Infrastructure as data

Andreas Hohmann March 30, 2024 #infrastructure #data model #configuration

We say "infrastructure as code", but I think what we really mean is "infrastructure as data". Let me explain.

What comes to mind when we think of "infrastructure as code"? What are the benefits we want to gain from the "as code" part? I first think of the way we handle code using version control and continuous integration. The version control system gives us global atomic changes, history, test and approval workflows, and the ability to trigger downstream processes based on the changes. We can easily compare the state of an object (a file) between different versions and answer when, by whom, and even why (if the commit messages are good) a change was made.

What we don't think as much about is the code itself. Code consisting of semi-structured pieces of text that need some of the most sophisticated software programs on this planet (compilers) to make sense of. Code written in a multitude of different and evolving languages, many of which requiring years to master. Programming languages that let us express the same thing is dozens of ways while at the same time lacking basic means to model strict relationships between objects.

Unfortunately, "infrastructure as code" gives us both, the advantages of version control, automated workflows, and continous integration as well as the disadvantages of (many) text-based languages to capture data.

The flexibility of programming languages is useful and needed when writing software, that is, when defining new abstractions and applications. It's not as good a fit when modeling real objects in a fixed domain such as infrastructure.

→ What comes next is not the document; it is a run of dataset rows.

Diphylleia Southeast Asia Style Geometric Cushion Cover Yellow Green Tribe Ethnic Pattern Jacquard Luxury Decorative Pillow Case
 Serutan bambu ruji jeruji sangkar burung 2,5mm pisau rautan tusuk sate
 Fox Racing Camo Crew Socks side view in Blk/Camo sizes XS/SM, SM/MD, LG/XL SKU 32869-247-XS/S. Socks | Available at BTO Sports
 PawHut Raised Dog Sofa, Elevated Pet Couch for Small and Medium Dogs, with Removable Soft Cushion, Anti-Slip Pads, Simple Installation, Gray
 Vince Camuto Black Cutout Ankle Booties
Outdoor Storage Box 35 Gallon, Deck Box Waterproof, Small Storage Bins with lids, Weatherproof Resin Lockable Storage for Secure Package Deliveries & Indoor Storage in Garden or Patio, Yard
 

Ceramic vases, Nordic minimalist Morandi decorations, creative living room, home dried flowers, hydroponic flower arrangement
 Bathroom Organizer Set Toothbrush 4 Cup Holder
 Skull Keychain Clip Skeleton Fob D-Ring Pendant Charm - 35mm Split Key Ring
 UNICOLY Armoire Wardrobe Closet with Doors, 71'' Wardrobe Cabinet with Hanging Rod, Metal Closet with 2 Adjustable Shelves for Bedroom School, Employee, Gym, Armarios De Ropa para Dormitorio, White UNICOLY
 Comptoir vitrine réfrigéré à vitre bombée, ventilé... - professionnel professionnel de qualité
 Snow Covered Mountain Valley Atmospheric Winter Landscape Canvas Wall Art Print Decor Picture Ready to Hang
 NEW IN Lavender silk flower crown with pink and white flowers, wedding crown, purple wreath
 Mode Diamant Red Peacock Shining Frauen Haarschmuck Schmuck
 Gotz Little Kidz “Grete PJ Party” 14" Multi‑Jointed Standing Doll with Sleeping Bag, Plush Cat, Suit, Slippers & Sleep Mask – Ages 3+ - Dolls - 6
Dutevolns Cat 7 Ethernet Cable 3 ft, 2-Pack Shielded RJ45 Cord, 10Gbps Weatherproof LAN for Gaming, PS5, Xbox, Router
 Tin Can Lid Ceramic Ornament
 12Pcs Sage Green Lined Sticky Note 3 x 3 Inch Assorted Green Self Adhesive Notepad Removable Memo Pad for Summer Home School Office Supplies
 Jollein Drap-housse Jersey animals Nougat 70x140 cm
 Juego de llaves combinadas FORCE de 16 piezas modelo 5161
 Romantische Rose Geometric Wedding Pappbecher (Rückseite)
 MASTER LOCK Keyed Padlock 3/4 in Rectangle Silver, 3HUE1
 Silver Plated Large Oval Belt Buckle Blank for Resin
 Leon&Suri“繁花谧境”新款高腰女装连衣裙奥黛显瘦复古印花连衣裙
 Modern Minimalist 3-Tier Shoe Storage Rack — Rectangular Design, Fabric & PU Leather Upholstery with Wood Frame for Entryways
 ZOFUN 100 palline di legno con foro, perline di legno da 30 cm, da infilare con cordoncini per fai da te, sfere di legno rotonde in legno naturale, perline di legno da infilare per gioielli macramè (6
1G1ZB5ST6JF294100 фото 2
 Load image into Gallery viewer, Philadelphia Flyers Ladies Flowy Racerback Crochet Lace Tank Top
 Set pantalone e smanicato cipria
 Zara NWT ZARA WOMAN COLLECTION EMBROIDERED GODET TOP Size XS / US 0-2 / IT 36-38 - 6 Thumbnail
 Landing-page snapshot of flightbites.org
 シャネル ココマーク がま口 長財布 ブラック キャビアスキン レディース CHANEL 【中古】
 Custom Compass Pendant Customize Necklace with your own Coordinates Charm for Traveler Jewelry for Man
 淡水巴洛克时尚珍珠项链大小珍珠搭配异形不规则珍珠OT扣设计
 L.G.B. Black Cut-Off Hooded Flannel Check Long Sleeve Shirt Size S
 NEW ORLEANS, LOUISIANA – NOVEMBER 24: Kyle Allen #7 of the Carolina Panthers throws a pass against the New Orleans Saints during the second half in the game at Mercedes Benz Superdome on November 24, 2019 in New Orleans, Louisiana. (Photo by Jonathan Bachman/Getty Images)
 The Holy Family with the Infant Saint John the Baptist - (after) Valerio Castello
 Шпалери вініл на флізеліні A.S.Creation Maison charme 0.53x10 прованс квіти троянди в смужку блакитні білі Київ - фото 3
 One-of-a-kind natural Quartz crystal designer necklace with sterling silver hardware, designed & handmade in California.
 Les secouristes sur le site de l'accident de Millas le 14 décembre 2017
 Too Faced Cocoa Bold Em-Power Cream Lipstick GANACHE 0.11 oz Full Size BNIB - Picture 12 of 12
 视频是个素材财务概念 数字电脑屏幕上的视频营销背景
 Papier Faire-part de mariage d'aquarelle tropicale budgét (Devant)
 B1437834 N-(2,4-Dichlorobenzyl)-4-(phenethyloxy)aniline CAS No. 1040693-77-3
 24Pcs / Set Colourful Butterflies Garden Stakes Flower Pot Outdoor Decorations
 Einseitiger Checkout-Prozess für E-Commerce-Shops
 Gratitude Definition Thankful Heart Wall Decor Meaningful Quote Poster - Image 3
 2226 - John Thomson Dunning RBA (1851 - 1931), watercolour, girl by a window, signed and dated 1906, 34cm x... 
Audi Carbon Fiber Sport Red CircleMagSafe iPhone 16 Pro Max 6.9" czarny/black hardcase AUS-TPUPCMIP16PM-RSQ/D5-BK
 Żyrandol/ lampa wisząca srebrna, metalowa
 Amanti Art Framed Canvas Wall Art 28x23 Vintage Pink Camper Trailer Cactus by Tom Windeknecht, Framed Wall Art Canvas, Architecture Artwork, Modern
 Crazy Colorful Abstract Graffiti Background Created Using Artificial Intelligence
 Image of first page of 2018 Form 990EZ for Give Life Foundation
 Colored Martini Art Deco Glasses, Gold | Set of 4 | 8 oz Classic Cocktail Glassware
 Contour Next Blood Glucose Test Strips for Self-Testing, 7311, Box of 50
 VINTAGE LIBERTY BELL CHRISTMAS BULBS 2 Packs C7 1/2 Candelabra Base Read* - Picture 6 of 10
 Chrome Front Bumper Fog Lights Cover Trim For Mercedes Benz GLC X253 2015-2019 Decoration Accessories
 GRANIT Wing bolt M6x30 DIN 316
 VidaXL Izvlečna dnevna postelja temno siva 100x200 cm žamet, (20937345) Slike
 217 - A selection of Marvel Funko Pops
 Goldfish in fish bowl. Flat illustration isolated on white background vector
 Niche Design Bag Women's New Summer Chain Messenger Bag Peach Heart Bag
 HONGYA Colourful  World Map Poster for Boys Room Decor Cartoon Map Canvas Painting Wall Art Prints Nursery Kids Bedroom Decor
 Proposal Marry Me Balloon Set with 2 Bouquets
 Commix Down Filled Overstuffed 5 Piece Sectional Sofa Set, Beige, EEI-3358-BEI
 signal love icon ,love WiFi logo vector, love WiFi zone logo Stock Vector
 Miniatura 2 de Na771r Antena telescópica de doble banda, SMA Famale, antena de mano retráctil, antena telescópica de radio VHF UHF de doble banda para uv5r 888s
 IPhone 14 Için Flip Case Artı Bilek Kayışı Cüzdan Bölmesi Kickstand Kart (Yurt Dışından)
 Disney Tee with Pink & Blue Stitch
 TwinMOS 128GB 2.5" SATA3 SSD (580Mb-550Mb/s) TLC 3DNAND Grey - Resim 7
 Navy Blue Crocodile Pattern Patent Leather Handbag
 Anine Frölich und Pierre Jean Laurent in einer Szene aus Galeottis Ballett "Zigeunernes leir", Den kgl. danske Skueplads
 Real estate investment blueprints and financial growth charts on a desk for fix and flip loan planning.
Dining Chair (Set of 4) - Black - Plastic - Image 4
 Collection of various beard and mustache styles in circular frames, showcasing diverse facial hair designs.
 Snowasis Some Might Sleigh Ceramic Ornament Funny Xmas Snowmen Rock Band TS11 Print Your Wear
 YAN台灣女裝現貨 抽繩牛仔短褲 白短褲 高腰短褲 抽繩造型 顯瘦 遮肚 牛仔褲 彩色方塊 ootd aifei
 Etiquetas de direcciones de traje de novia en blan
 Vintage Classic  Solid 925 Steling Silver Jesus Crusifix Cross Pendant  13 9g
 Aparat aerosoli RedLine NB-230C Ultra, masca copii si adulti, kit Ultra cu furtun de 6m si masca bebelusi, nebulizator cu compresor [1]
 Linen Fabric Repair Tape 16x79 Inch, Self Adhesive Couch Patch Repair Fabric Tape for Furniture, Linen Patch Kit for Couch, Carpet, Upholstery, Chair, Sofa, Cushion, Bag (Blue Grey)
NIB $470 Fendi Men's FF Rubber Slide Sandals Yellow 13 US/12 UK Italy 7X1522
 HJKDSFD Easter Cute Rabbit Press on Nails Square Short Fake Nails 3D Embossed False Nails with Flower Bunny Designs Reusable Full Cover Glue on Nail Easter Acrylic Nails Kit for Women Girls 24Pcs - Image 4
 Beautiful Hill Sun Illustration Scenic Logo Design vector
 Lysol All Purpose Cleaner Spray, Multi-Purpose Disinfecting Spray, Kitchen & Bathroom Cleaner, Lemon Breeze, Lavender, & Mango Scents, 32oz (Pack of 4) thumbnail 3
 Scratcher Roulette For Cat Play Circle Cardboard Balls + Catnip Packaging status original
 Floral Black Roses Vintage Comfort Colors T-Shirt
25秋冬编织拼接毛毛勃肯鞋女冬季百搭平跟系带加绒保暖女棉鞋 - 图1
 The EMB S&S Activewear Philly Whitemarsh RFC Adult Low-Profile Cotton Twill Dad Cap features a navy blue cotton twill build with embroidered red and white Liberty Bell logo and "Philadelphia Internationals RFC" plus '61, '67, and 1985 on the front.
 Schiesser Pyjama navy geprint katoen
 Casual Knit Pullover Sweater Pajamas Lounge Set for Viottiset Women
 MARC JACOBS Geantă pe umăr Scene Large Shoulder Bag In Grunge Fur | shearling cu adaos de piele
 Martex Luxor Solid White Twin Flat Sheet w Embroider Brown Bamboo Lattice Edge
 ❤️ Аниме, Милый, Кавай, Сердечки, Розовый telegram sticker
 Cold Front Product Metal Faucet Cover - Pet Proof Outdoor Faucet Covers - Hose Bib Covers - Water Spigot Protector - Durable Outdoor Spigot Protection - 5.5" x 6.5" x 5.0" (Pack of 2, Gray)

No matter the configuration language, there will be a lot of repetition. Most configuration languages are hierarchical and denormalized. This opens the door for local modifications which eventually prevents us from normalizating the data even if we wanted to (who remembers why this field was changed just in this one case?). To work around the problems of hierarchical data representations, some configuration languages allow for references, mutable data, imperative statements, and functions, sometimes turning the confirguration languages into turing-complete programming languages or embedding them in "real" programming languages. This resulting modest improvement in reusability is largely offset by the increase in complexity.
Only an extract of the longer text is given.